In [484]:
import pandas as pd
import math
import numpy as np
import statsmodels.formula.api as smf
from statsmodels.stats.stattools import durbin_watson
import datetime
import calendar
from scipy import stats
from matplotlib import pyplot as plt
pd.options.mode.chained_assignment = 'raise'

exclusion_factor = 10
liquidity_variable = "amihud"

In [485]:
def add_month(date): # function that adds one month with the correct year/days.
    if date.month % 12 == 0:
        cur_month = 1
        cur_year = date.year + 1
        cur_day = calendar.monthrange(cur_year, cur_month)
        return datetime.date(cur_year, cur_month, cur_day[1])
    else:
        cur_month = date.month + 1
        cur_day = calendar.monthrange(date.year, cur_month)
        return datetime.date(date.year, cur_month, cur_day[1])

def subtract_year(date):
    prev_year = date.year - 1
    prev_day = calendar.monthrange(prev_year, date.month)
    return datetime.date(prev_year, date.month, prev_day[1])

In [486]:
df = pd.read_csv("market_info_forge_monthly.csv")
df.date = pd.to_datetime(df.date)
df.index = df.date # this line and following ensures we have the date as the index AND as a column
df.date = df.index

In [487]:
start_date = datetime.date(2011,2,28)
date = start_date

d = {}
std_cols = {}

exclusions = 0
# TRYING TO EXCLUDE MONTHS FROM THE ORIGINAL DATASET THAT HAVE COLUMNS WHICH EXHIBIT WEIRD PATTERNS (EXTREME STD)
for i in range(0, 10000):
    #if not date == datetime.date(2011,2,28):
    if not date.year == 2018:
        dfd = df.loc[df["date"] == pd.Timestamp(date)]
        dfd = dfd[["retm", "amihud", "cpqs", "ln_voli", "r100", "r100yr", "stdy"]]

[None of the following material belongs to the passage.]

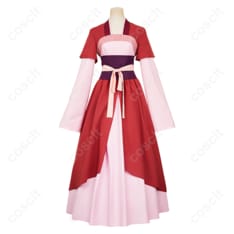 薬屋のひとりごと（薬屋） 猫猫（マオマオ） コスプレ衣装 4点セット（スカート、トップス、コルセットベルト、髪飾り）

        for c in dfd.columns:
            if i == 0:
                std_cols[c] = [np.std(dfd[c])]
            else:
                std_cols[c].append(np.std(dfd[c]))

        date = add_month(date)
    else:
        break

In [488]:
for key, val in std_cols.items():
    std_cols[key] = np.nanmean(std_cols[key])

In [489]:
start_date = datetime.date(2011,2,28)
date = start_date

for i in range(0, 10000):
    #if not date == datetime.date(2011,2,28):
    if not date.year == 2018:
        dfd = df.loc[df["date"] == pd.Timestamp(date)]
        dfd = dfd[["retm", "amihud", "cpqs", "ln_voli", "r100", "r100yr", "stdy"]]
        
        for c in dfd.columns:
            if np.std(dfd[c]) > exclusion_factor * std_cols[c]:
                exclusions += 1
                df.drop(pd.Timestamp(date), inplace=True)
                break
        
        date = add_month(date)
    else:
        break
print(exclusions)

0


In [490]:
start_date = datetime.date(2012,2,28) # Reset the start date so that it begins at the correct date again
date = start_date

regressions = 0
r2tot = 0
dbstat = []

# run cross-sectional OLS regression for each month and save results in a dictionary. 
for i in range(0,10000):
    #if not date == datetime.date(2011,2,28):
    if not date.year == 2018:   
        dft = df.loc[df["date"] == pd.Timestamp(date)] # dependent variable at time t
        dft_1 = df.loc[df["date"] == pd.Timestamp(subtract_year(date))] # independent variables at time t-1
        dfd = pd.merge(dft[["retm", "typeID"]], dft_1[["amihud", "cpqs", "ln_voli", "r100", "r100yr", "stdy", "typeID"]], on = "typeID")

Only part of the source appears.